Wer starb früher: Makaberer Streit ums Erbe

Wer starb früher: Makaberer Streit ums Erbe
Entscheidende letzte Minuten: Ein Ehepaar kam bei einem Autounfall ums Leben – doch wer starb zuerst?

Der Anprall war gewaltig: Ein 40 Tonnen schwerer Lkw fuhr im Frühjahr 2014 auf einer Schnellstraße in der Steiermark auf ein Auto auf, das am Pannenstreifen stand. In dem Auto saß ein Ehepaar. Es überlebte den Unfall nicht. Was dann folgte, war ein langjähriger und makaberer Streit um das Erbe der Verstorbenen.

Der Mann und die Frau hatten jeweils erwachsene Kinder in die Ehe mitgebracht. Die Frau zwei, der Mann drei. Ein Testament hinterließen die Eheleute nicht.

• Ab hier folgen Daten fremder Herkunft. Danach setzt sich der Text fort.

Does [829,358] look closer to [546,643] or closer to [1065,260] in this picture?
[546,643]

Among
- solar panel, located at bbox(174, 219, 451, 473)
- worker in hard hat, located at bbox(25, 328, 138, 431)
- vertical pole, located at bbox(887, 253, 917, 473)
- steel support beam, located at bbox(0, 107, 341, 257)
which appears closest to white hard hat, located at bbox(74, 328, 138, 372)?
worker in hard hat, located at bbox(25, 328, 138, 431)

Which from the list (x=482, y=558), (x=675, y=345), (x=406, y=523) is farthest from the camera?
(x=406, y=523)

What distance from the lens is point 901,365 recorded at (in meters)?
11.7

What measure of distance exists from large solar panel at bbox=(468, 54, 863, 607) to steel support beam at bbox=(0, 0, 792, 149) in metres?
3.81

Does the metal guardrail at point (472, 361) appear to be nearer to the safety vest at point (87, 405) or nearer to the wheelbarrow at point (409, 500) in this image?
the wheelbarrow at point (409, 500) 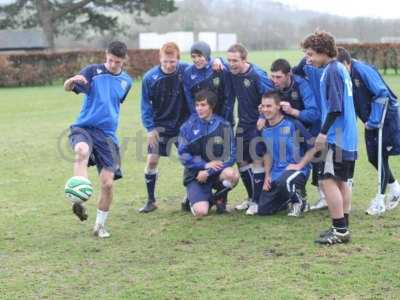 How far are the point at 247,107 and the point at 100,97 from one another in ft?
5.75

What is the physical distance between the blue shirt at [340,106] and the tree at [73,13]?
40.1 metres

Kinder wollten teilen, doch dann kam ein Kurator

Im Verlassenschaftsverfahren der verstorbenen Frau wollten sich die beiden Kinder das Erbe teilen. Doch dann tauchte ein Kurator, also ein Vertreter der Verlassenschaft des Ehemannes auf – er vertrat die Meinung: Auch ihm steht ein Teil des Erbes der Frau zu. Denn schließlich sei die Frau bei dem Unfall zuerst gestorben. Das Erbe sei somit zu dritteln.

Aus den Sterbeurkunden geht hervor, dass die Frau um 9:31 Uhr starb, der Mann um 10:50 Uhr.

Wer starb früher?

Doch war das wirklich so? Die Gerichte mussten bei der Beurteilung dieser Frage in schmerzliche Details gehen.

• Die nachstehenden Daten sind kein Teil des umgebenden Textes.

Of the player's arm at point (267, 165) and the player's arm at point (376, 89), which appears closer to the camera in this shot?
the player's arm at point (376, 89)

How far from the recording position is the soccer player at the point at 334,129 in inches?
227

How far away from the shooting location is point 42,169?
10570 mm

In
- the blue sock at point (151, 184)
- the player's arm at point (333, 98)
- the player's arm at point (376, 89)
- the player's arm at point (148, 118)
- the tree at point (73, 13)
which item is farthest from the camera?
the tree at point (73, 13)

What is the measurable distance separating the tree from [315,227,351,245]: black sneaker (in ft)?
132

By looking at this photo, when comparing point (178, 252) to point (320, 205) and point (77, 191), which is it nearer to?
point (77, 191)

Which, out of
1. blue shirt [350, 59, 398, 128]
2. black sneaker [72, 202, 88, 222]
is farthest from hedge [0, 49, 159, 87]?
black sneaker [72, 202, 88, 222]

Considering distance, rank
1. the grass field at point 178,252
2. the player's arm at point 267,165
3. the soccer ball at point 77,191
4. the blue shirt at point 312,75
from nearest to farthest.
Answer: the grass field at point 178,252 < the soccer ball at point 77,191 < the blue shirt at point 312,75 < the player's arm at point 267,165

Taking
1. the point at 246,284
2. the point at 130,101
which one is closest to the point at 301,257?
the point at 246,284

Wie aus den Aufzeichnungen der Ärzte hervorging, waren die Wiederbelebungsversuche bei der Frau um 10.30 Uhr wegen Erfolglosigkeit abgebrochen worden. Der Mann allerdings wurde „medizinisch lebend“ um 10:45 Uhr einem anderen Arzt im Krankenhaus übergeben.

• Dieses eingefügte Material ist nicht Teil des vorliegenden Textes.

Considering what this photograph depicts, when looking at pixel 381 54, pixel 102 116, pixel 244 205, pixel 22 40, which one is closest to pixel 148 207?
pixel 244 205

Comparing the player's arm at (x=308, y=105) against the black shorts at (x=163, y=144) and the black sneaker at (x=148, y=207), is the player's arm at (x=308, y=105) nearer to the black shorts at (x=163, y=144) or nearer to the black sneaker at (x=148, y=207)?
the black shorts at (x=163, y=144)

"Schnappatmung" laut Protokolle

In den medizinischen Protokollen ist vermerkt, dass es bei dem Patienten noch eine Schnappatmung gegeben habe – dabei handle es sich um kein Atemmuster vor dem Eintritt des Todes. Außerdem zeigte das EKG auch noch keine Nulllinie an. Fünf Minuten später allerdings war dann auch er tot. Oder vielleicht doch schon früher?

Es könne „nicht ausgeschlossen“ werden, dass der Hirntod des Mannes gleichzeitig mit dem Tod der Frau eingetreten ist, befand das zuständige Bezirksgericht.

Es komme darauf an, wann der Funktionsverlust des Gehirns eingetreten sei. Und das sei in diesem Fall einfach nicht mehr festzustellen. Also sei auch nicht bewiesen, dass der Mann seine Ehefrau tatsächlich überlebt hat.

Dieses Urteil bestätigte in weiterer Folge auch die nächste Instanz. Die Folgerung des Gerichts: Der Mann könne seine Frau auch nicht beerben.

Doch damit war noch nicht Schluss in dieser überaus heiklen Causa. Der Streit ums Erbe ging bis zum Obersten Gerichtshof. Und der sah die Sache tatsächlich anders: Es sei nicht mehr zu beweisen, ob der Mann tatsächlich schon hirntot war. Bisher hätte nur „nicht ausgeschlossen“ werden können, dass der Hirntod beim Mann gleichzeitig eintrat. Das reicht nicht.

Sterbeurkunde zählt

Und deshalb gelten die Angaben, die auf der Sterbeurkunde stehen. Oder anders ausgedrückt: „Ist strittig, ob eine Person die andere überlebt hat, so machen die Sterbeurkunden vollen Beweis für die darin bezeugten Todeszeitpunkte.“

Und weil der Mann seine Ehefrau zumindest auf dem Papier um exakt eine Stunde und 19 Minuten überlebt hat, hat er ein gesetzliches Erbrecht.

Somit konnten sich die beiden hinterbliebenen Kinder der Frau das Erbe auch nicht zur Hälfte aufteilen. Es wird nun gedrittelt.